Director Herbert Greene and scripter Arthur C. Pierce create almost zero suspense in their scenario, attempting at the eleventh hour to duplicate the Christ-motif of DAY by having the Cosmic Man sacrifice his life for the young boy but then "rise again"-- or at least, it's implied that he may live again after his dead body gets teleported away. 

The film's only distinction is that this was Pierce's first SF-script.  Pierce would go on to script and direct a handful of minor SF-films, the best of which was 1960's BEYOND THE TIME BARRIER.


WARNING FROM SPACE is a good deal less preachy, though it does make a few comments about human beings' unreasoning fear of the unknown, giving it a slight similarity to 1953's IT CAME FROM OUTER SPACE. 

In this case, however, the aliens aren't merely passing through.  Rather, the starfish-shaped creatures have observed that a mammoth meteor is approaching Earth.  The aliens attempt to warn human beings, but they arouse only fear.  Finally one of them assumes human form and makes human beings aware of the danger.

From that point, the remainder of the film deals with humanity's attempt to divert the meteor.  Oddly given Japan's experience as the first target of a nuclear weapon, a nuclear device proves the only method by which the deadly meteor can be diverted.   Still, I can't help but feel that the scripters were simply borrowing from the GODZILLA scenario in this respect.

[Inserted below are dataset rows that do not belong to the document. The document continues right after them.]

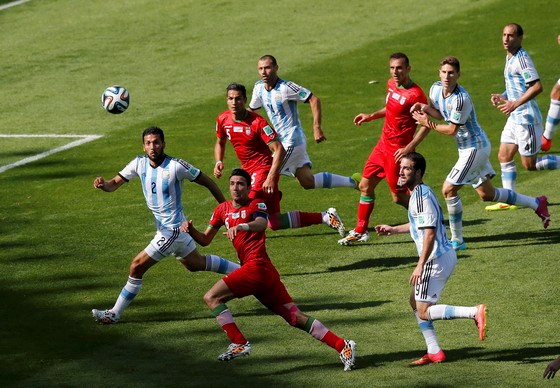 Messi tỏa sáng phút bù giờ, Argentina hạ gục Iran Messi tỏa sáng phút bù giờ, Argentina hạ gục Iran
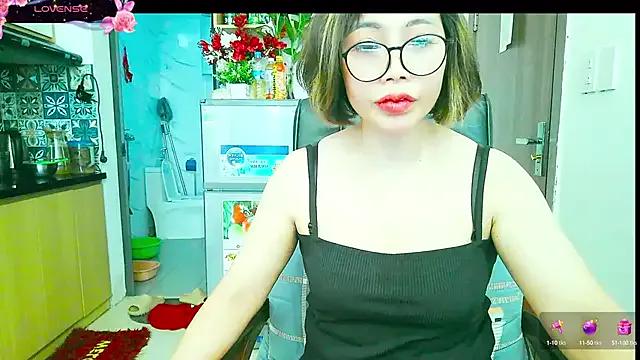 Miu-Le on StripChat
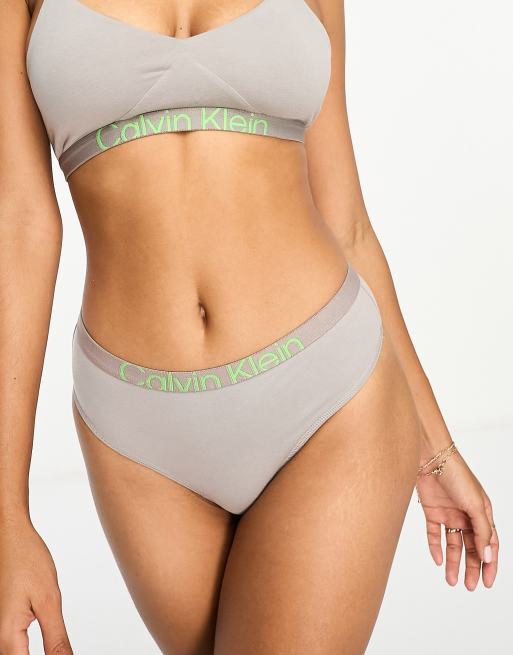 Calvin Klein – Future Shift – Tanga in Grau mit farblich abgesetztem, hohem  Logo-Bund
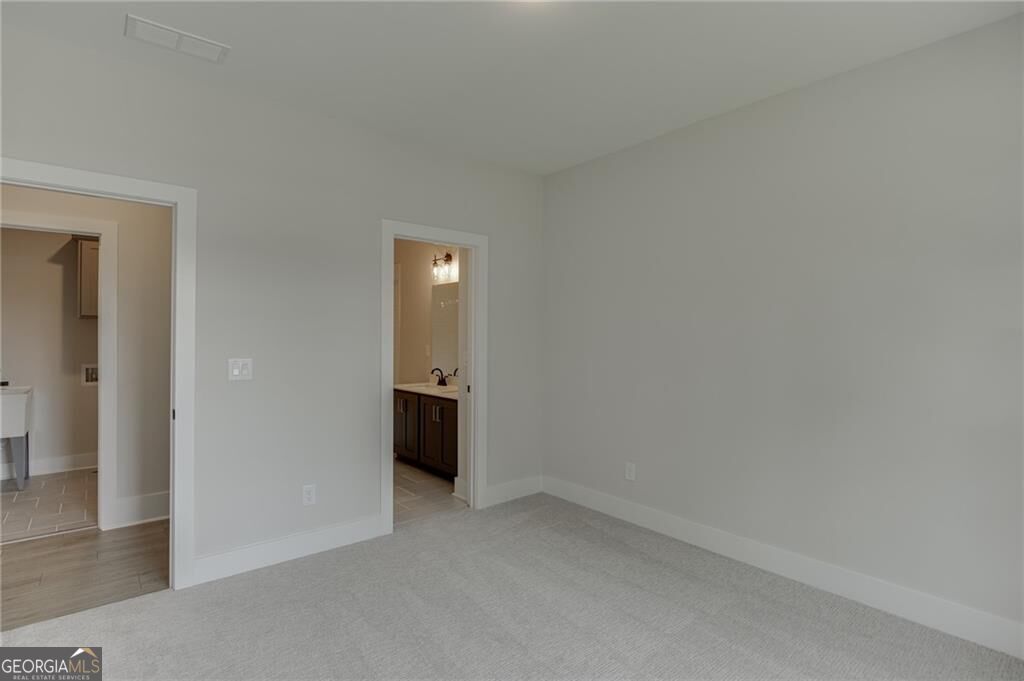 240 Wilbanks Street Property Photo 32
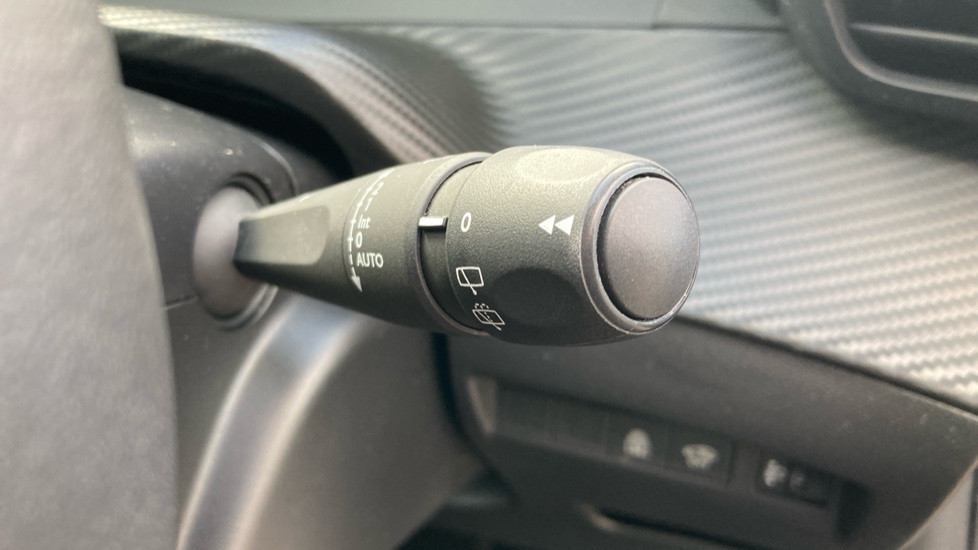 Peugeot 208 1.2 PureTech 100 Allure 5dr Petrol Hatchback - Image 36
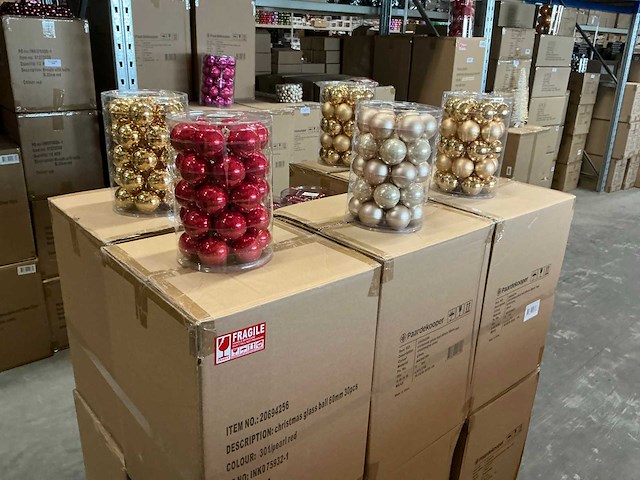 Partij diverse glazen kerstballen 60mm 30/tube (94 tubes) - afbeelding 11 van  18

WARNING, while not long on thrills, nevertheless does well with the costumes of the starfish-aliens.  They'll strike some viewers as risible, but the thing I enjoyed most in the entire picture was a skillful time-lapse sequence in which the alien-turned-female agent slowly transforms back into starfish-form.  It was the one part of the film that attempted to put across the "sense of wonder" in the best SF-cinema-- something that the later COSMIC MAN dismally failed to communicate.